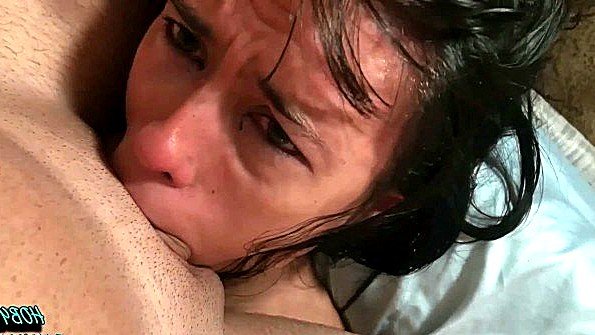 Бедные девушки вынуждены терпеть трах в рот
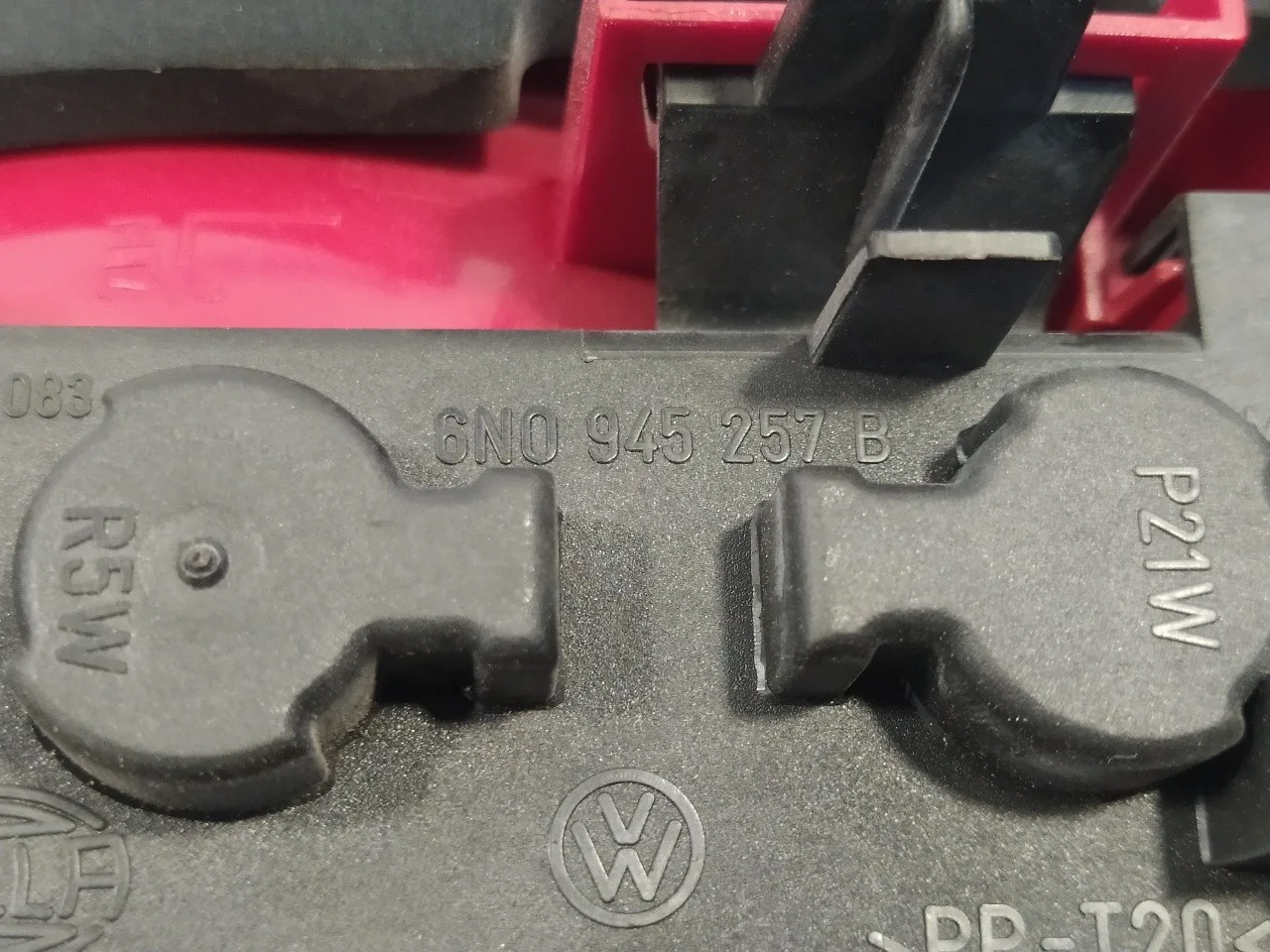 Piloto Trasero Izquierdo para Volkswagen Polo Berlina (6N2)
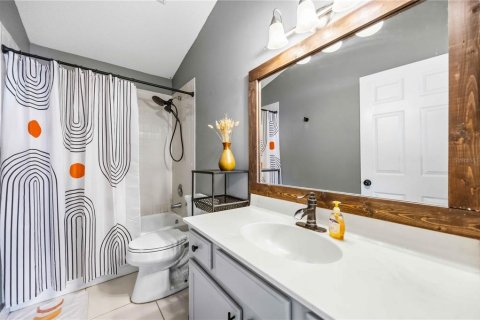 House in Sarasota, Florida 3 bedrooms, 169.83 sq.m. № 2215556 - photo 25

#### PROBLEM DESCRIPTION:
Make an exact copy of the listing above. Do not include the pictures.

#### ANSWER TO THIS PROBLEM:
 Бедные девушки вынуждены терпеть трах в рот
 Piloto Trasero Izquierdo para Volkswagen Polo Berlina (6N2)
 House in Sarasota, Florida 3 bedrooms, 169.83 sq.m. № 2215556 - photo 25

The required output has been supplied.